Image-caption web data
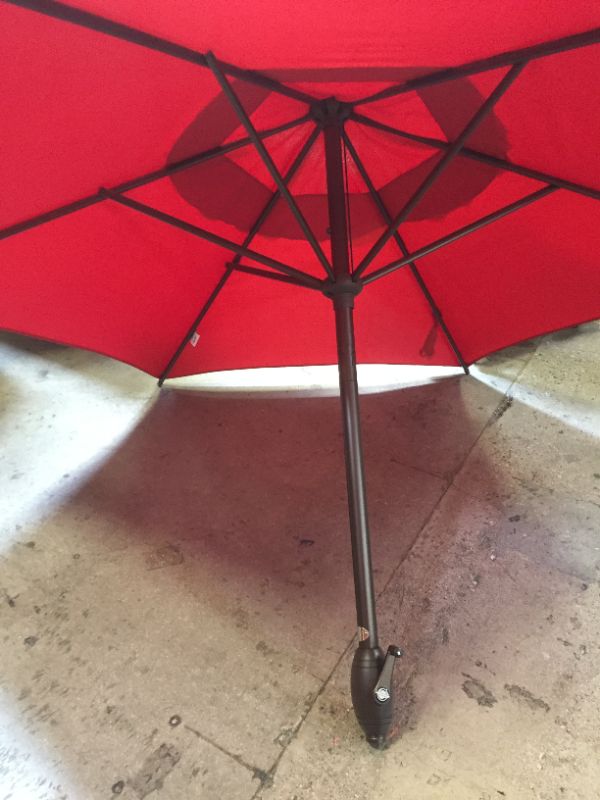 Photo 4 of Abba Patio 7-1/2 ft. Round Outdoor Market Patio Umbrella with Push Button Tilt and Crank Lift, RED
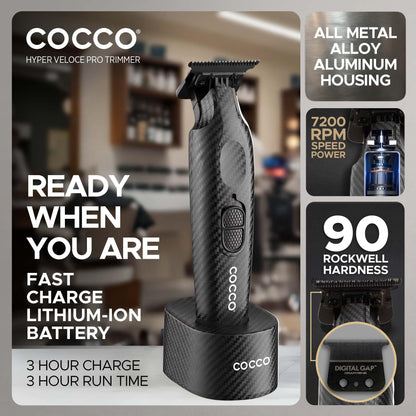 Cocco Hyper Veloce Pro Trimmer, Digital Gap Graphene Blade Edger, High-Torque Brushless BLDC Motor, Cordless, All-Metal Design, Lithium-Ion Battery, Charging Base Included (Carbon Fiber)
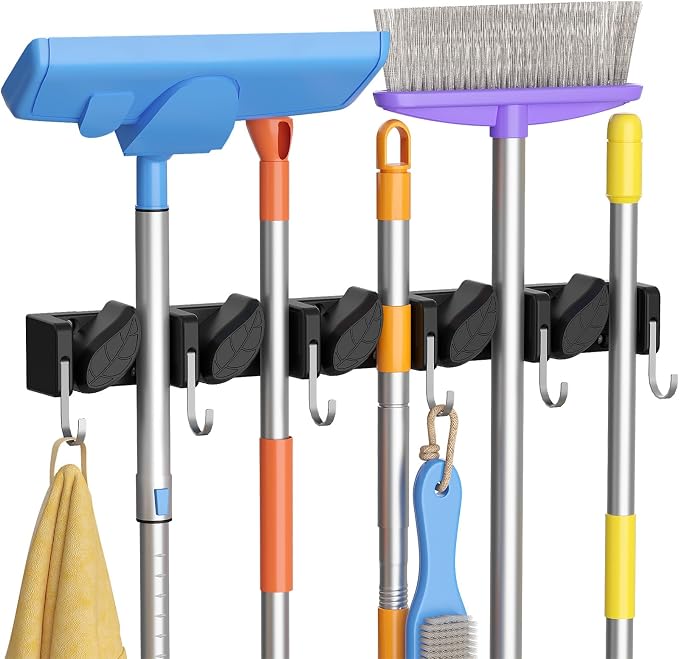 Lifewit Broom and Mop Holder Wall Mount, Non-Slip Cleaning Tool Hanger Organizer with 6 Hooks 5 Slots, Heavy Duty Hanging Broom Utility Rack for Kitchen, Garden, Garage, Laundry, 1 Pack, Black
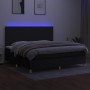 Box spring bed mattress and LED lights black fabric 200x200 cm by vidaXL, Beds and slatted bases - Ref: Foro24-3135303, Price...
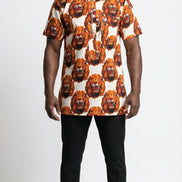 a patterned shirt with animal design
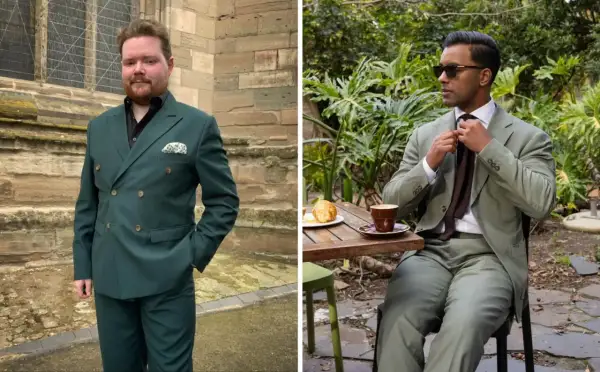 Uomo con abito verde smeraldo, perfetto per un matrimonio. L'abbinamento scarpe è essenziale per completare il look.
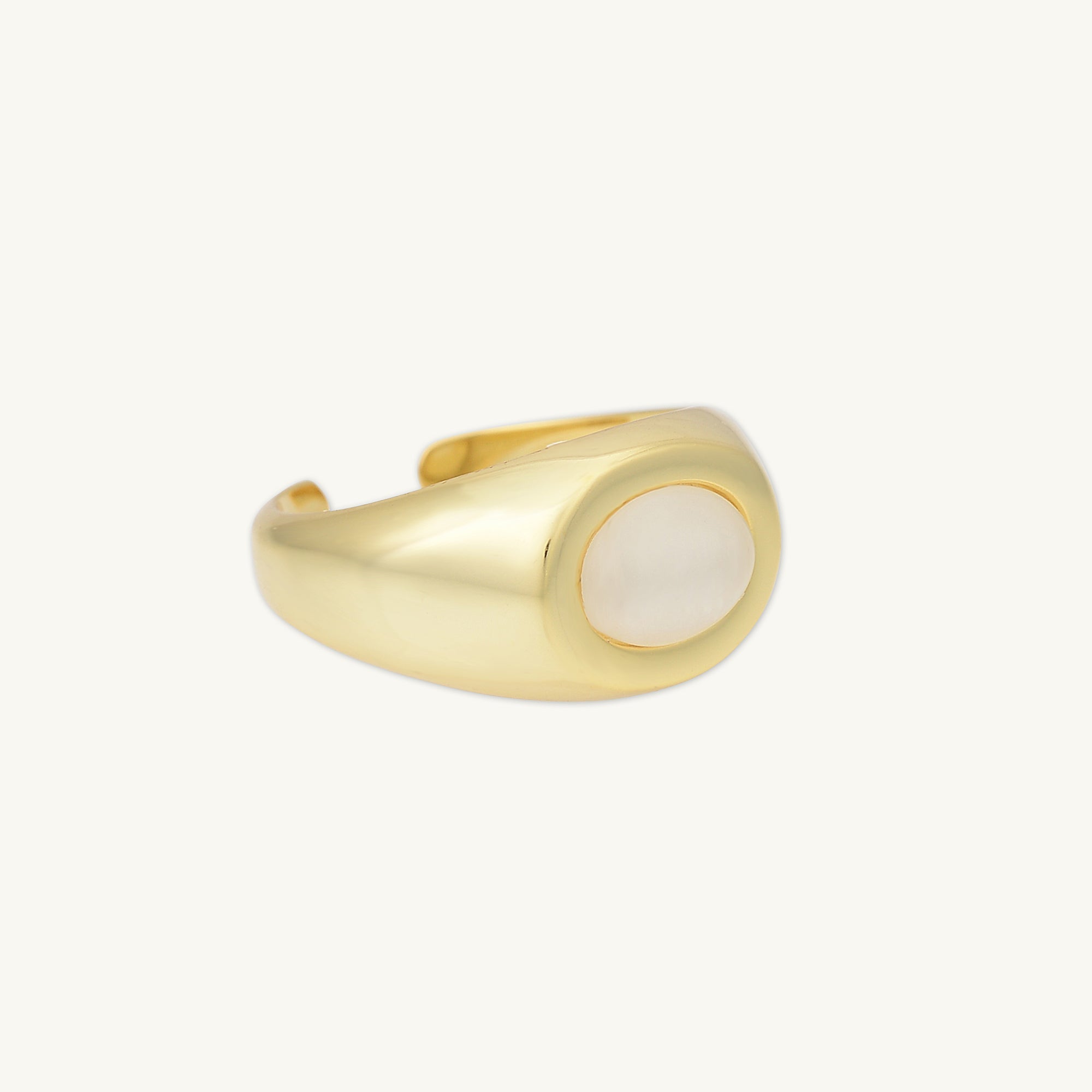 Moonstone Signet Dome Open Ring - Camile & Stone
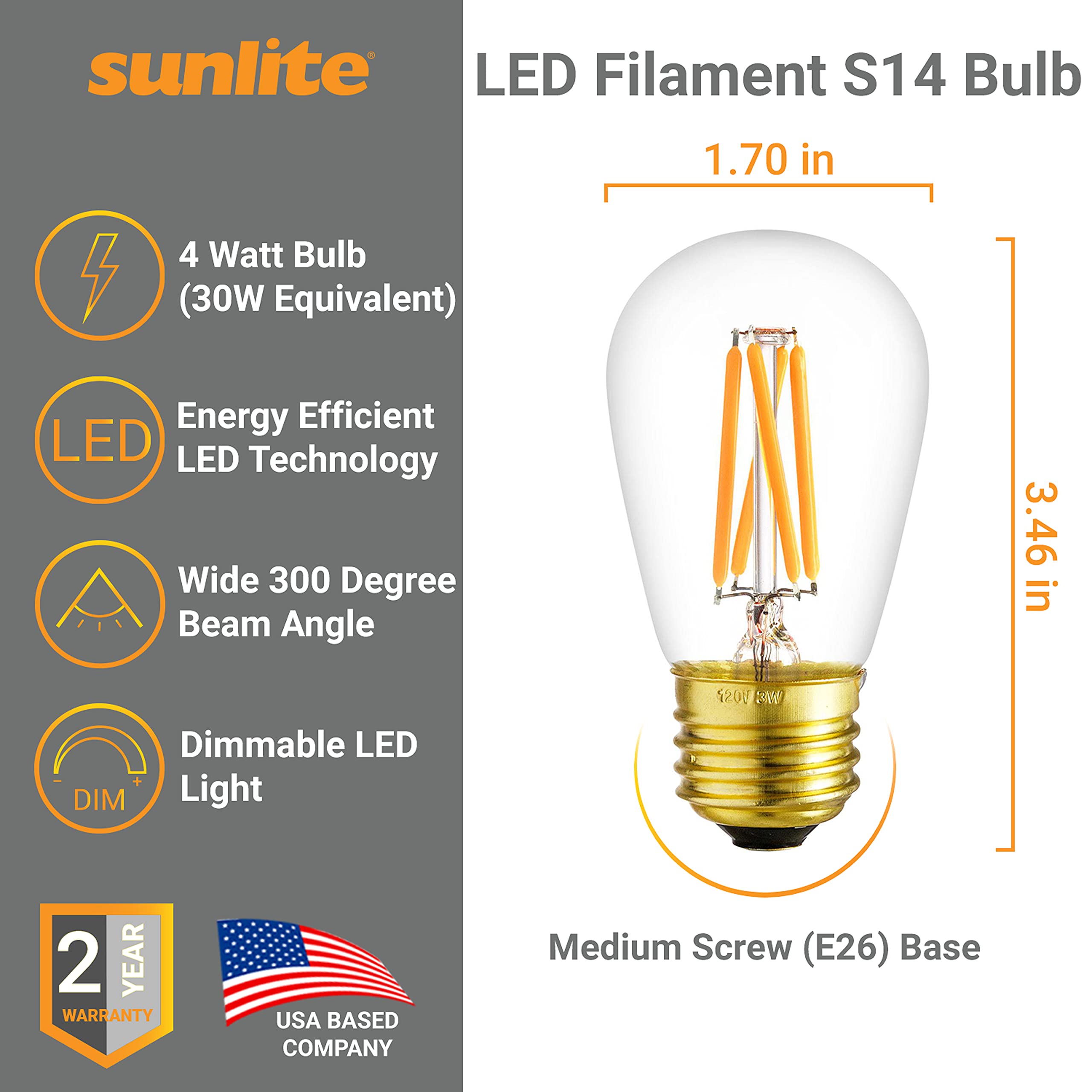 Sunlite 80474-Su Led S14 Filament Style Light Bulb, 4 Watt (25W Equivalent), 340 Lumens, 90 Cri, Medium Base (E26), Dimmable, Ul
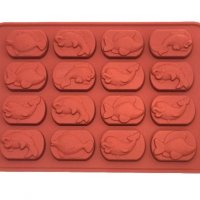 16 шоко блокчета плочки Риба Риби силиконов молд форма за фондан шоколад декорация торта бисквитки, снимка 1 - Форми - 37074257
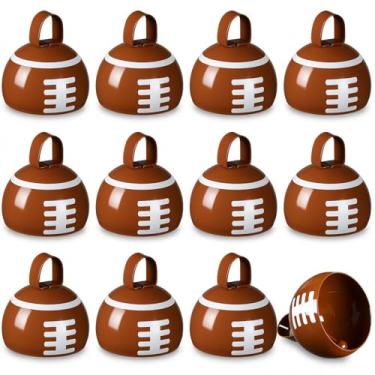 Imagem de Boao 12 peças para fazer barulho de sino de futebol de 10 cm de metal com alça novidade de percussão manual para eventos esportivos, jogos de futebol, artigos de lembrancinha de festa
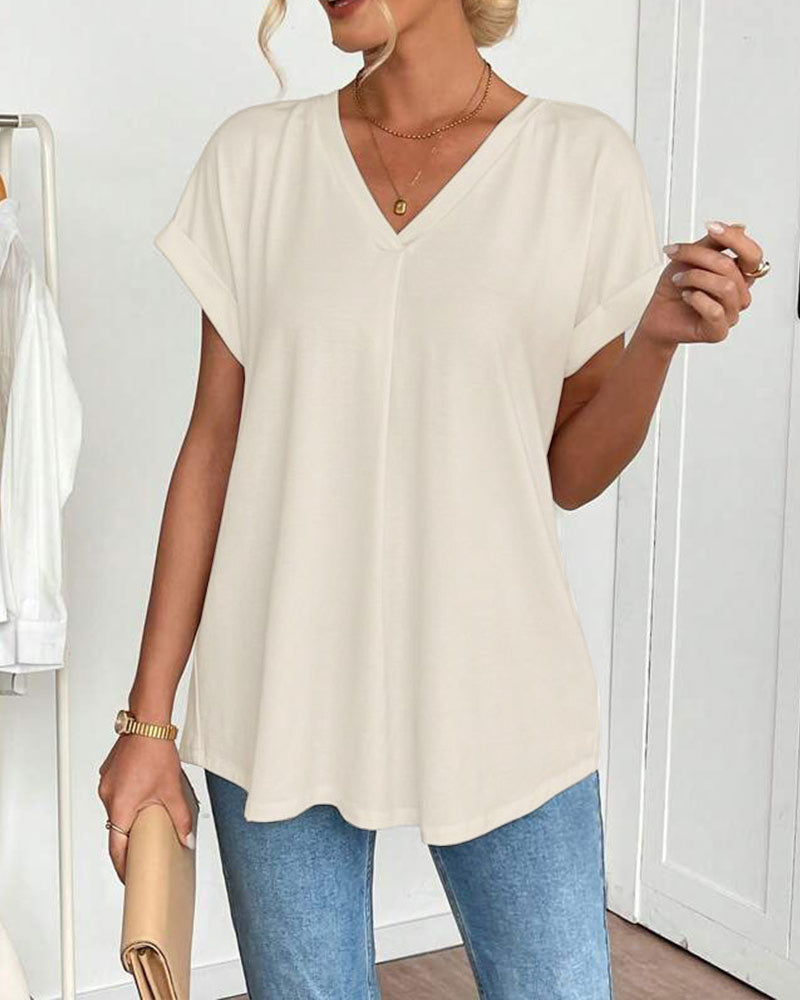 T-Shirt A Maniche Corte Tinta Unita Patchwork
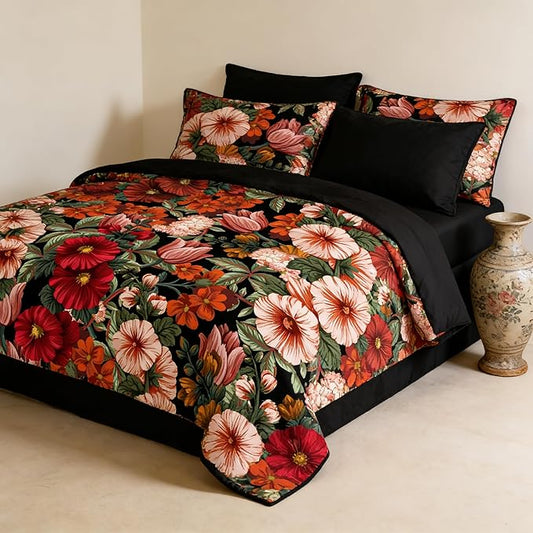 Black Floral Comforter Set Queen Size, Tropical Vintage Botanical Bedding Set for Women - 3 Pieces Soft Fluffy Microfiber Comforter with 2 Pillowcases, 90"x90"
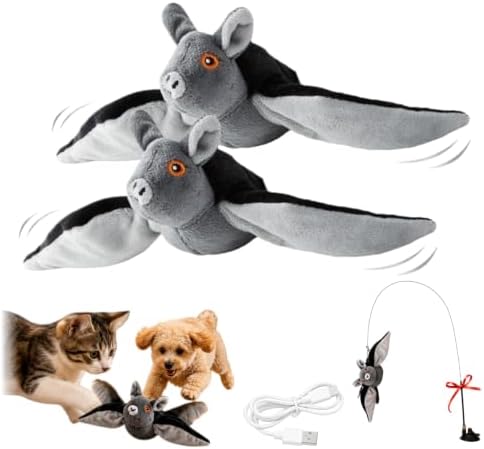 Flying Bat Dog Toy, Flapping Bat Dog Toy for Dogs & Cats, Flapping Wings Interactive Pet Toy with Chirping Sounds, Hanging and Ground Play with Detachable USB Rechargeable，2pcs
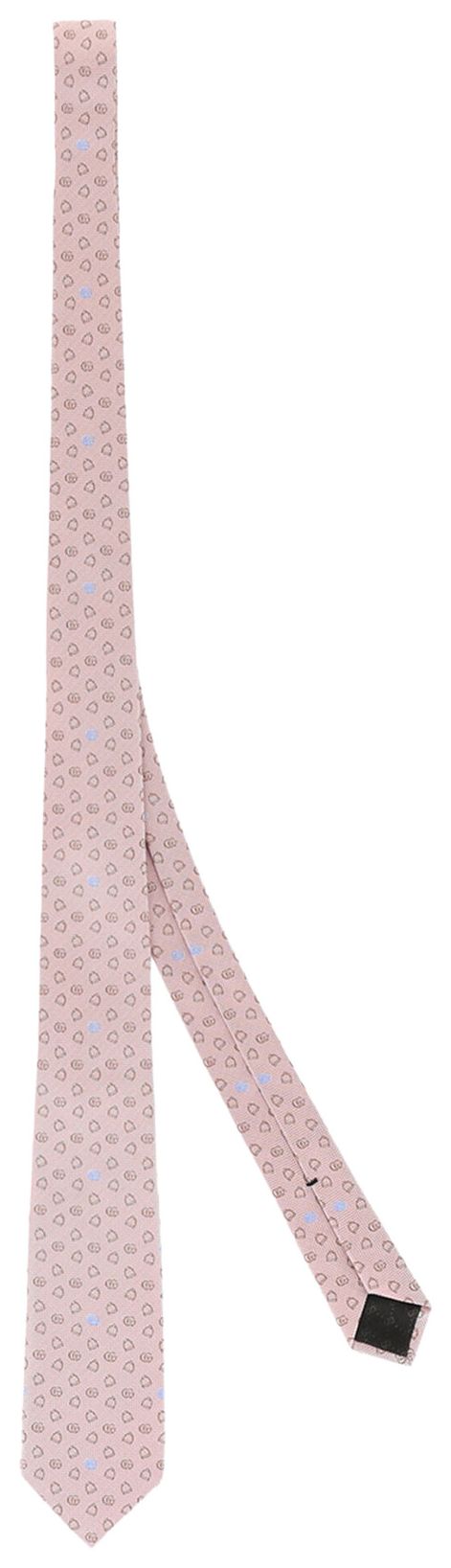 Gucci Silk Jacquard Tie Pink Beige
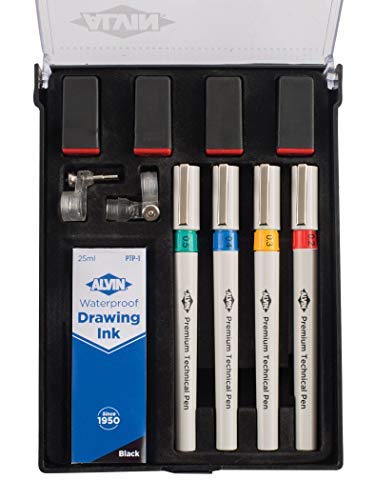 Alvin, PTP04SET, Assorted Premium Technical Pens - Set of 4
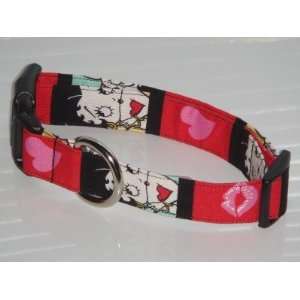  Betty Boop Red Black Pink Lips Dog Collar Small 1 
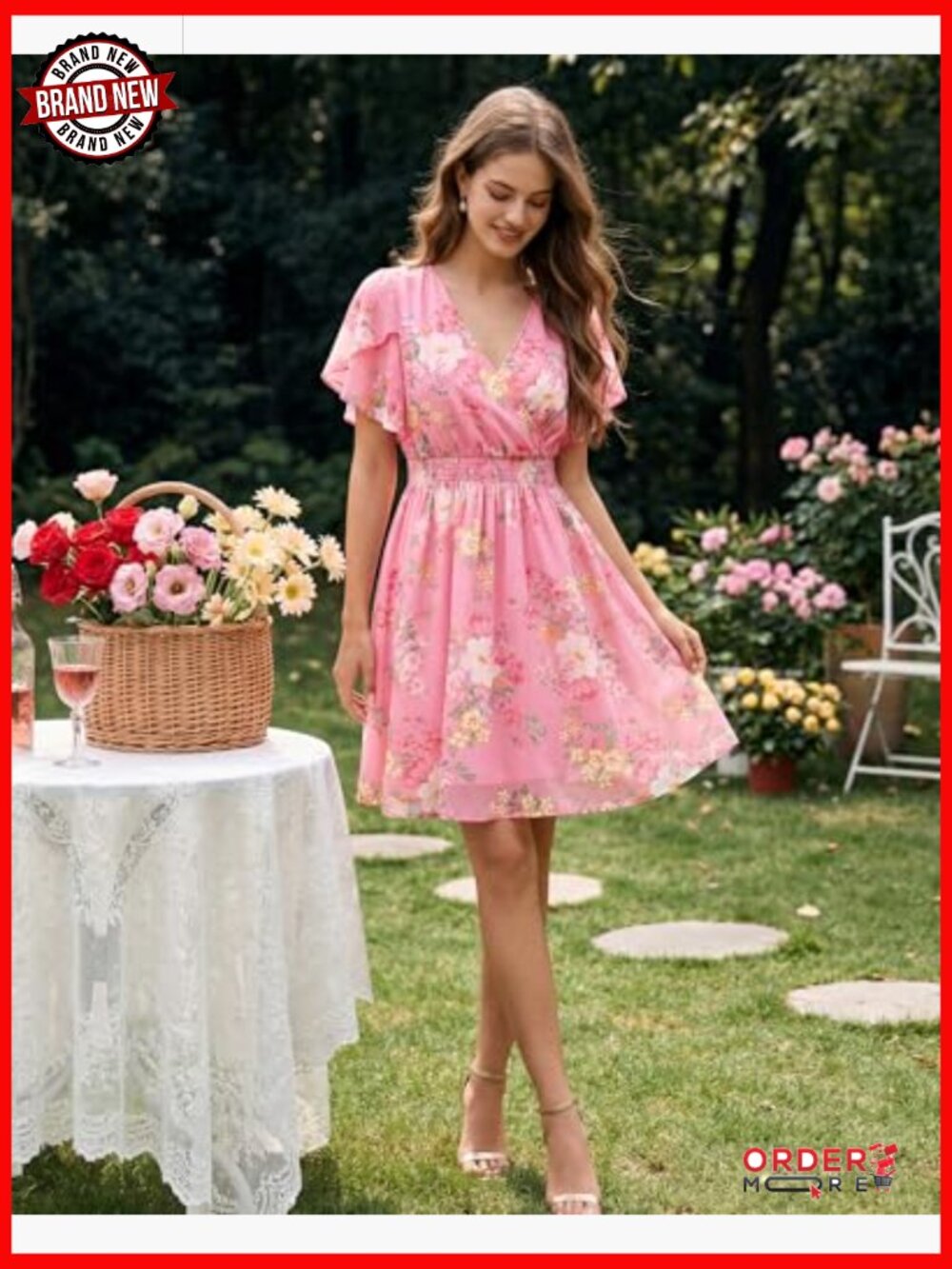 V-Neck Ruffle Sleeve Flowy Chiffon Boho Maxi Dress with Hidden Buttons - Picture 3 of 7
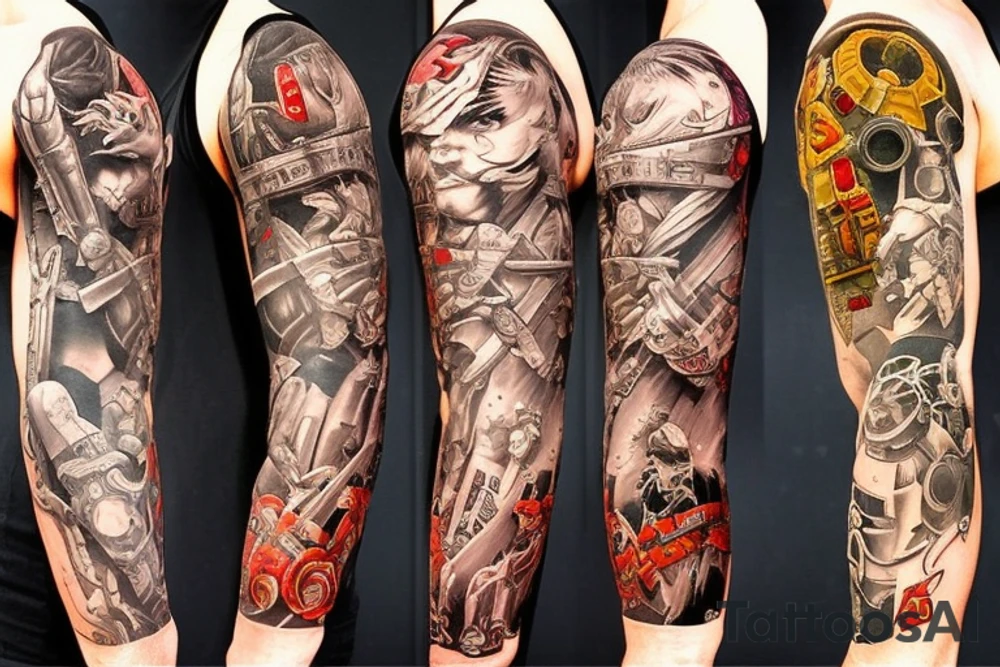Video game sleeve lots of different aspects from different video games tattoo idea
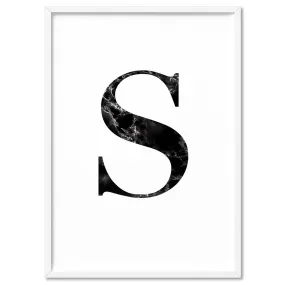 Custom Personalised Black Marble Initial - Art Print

§ Assignment: Return verbatim every line from the line containing "Box spring bed" to the last line of the entries above, inclusive, and leave out the pictures.

§ Worked solution:
 Box spring bed mattress and LED lights black fabric 200x200 cm by vidaXL, Beds and slatted bases - Ref: Foro24-3135303, Price...
 a patterned shirt with animal design
 Uomo con abito verde smeraldo, perfetto per un matrimonio. L'abbinamento scarpe è essenziale per completare il look.
 Moonstone Signet Dome Open Ring - Camile & Stone
 Sunlite 80474-Su Led S14 Filament Style Light Bulb, 4 Watt (25W Equivalent), 340 Lumens, 90 Cri, Medium Base (E26), Dimmable, Ul
 16 шоко блокчета плочки Риба Риби силиконов молд форма за фондан шоколад декорация торта бисквитки, снимка 1 - Форми - 37074257
 Imagem de Boao 12 peças para fazer barulho de sino de futebol de 10 cm de metal com alça novidade de percussão manual para eventos esportivos, jogos de futebol, artigos de lembrancinha de festa
 T-Shirt A Maniche Corte Tinta Unita Patchwork
 Black Floral Comforter Set Queen Size, Tropical Vintage Botanical Bedding Set for Women - 3 Pieces Soft Fluffy Microfiber Comforter with 2 Pillowcases, 90"x90"
 Flying Bat Dog Toy, Flapping Bat Dog Toy for Dogs & Cats, Flapping Wings Interactive Pet Toy with Chirping Sounds, Hanging and Ground Play with Detachable USB Rechargeable，2pcs
 Gucci Silk Jacquard Tie Pink Beige
 Alvin, PTP04SET, Assorted Premium Technical Pens - Set of 4
  Betty Boop Red Black Pink Lips Dog Collar Small 1 
 V-Neck Ruffle Sleeve Flowy Chiffon Boho Maxi Dress with Hidden Buttons - Picture 3 of 7
Video game sleeve lots of different aspects from different video games tattoo idea
 Custom Personalised Black Marble Initial - Art Print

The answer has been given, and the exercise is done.